Tuesday, April 26, 2011


Winnipeg - Last night history was made as Ryan van Berkel became the youngest and first non-Winnipeg-born man to have been named Commodore of the Victoria Beach Yacht Club. In his calculated ouster of former Commodore Kenneth Taylor, Mr. van Berkel executed perhaps the most deft palace coup in leisure club politics since Billy Jean King managed to (briefly) hold the Chairmanship at Augusta National in the early 1970s.
Mr. van Berkel's campaign was a discrete and sure-handed manipulation of the gears of power. The Victoria Beach Council was firmly onside and the local business lobby, led by captain of industry Daniel S. Schott, quietly made it known that it would not oppose Mr. van Berkel, who himself comes from a bureaucratic background.
However, the van Berkel administration has already come under fire for being close to Portage Avenue, Manitoba's gilded centre of finance. His senior adviser, AJ Tooley (who was thought to be a candidate for the commodoreship before his girlfriend became embroiled in a corn-related licensing scandal), is a well-known commodities broker and has long moved in the posh circles of prairie money managing. There have been complaints from the right, too, who worry that Matthew McLeod, once crew to Mr. van Berkel and now a leader in the Manitoba Teacher's Union will hold too much sway in the nascent cabinet.
On election night, though, it was nothing but hearty handshakes and a surprisingly greasy snack table. In an electric moment Commodore-elect van Berkel took the stage to thunderous applause and the familiar strains of Eric Clapton's 'My Father's Eyes'. Victoria Beach, having grappled with the Erosion Question throughout a frigid and grueling winter, is a tense community these days and he acknowledged that he has much work to do in healing a house divided.

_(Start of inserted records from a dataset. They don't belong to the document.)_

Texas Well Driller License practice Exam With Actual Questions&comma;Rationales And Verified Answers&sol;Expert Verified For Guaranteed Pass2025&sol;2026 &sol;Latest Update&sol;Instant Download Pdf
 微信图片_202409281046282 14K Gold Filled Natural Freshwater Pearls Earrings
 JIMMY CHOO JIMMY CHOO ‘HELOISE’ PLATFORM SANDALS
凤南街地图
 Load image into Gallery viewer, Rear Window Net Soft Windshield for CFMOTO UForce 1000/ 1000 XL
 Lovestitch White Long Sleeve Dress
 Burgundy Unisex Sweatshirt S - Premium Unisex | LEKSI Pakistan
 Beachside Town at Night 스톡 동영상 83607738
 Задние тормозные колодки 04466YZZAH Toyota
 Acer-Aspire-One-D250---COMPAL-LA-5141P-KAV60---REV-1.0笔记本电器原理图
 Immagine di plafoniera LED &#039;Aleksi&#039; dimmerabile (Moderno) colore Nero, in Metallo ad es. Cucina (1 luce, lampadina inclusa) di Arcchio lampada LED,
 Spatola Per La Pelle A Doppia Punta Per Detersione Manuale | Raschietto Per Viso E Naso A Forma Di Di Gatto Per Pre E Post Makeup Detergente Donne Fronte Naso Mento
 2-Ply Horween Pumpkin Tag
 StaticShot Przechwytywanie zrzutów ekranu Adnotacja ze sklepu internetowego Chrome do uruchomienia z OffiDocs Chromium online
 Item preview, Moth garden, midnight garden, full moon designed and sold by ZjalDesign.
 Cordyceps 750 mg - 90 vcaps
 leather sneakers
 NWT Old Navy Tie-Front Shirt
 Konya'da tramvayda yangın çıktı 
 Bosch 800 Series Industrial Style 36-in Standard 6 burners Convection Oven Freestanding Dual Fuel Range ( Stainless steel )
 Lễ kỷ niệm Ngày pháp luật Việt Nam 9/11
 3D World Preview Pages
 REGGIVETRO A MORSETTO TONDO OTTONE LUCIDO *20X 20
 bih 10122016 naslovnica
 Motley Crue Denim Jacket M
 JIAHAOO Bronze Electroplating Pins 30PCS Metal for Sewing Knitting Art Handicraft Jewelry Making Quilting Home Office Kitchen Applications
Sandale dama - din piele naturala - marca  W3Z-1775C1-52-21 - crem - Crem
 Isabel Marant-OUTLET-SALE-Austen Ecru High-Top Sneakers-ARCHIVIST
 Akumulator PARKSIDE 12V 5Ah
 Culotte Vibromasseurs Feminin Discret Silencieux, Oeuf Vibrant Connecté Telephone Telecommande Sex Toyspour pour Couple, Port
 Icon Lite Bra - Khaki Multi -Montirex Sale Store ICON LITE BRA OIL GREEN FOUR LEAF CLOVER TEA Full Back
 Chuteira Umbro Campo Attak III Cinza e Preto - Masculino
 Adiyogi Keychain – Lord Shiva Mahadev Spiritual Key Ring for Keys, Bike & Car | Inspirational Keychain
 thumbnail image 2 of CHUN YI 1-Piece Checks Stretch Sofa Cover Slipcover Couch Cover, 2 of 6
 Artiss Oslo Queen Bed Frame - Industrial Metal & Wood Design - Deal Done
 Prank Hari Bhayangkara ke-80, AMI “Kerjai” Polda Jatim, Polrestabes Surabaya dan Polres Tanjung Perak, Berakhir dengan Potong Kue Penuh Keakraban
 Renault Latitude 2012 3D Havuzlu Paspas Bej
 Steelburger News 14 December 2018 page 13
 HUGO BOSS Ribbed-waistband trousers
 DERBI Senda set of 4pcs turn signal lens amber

Unsurprisingly, he echoed another leader, Abraham Lincoln, who also seized the reigns of power as strife and misunderstanding threatened his community. "From Sunset all the way to Mike Bay," said Mr. van Berkel, "we are not enemies, but friends. We must not be enemies. Though passion may have strained it must not break our bonds of affection. The mystic chords of memory, stretching from every barbecue and deck to every sports day and masquerade all over this broad land, will yet swell the chorus of the Beach, when again touched, as surely it will be, by the better angels of our nature."
A somewhat puzzled crowd cheered and looked on in awe at their new leader.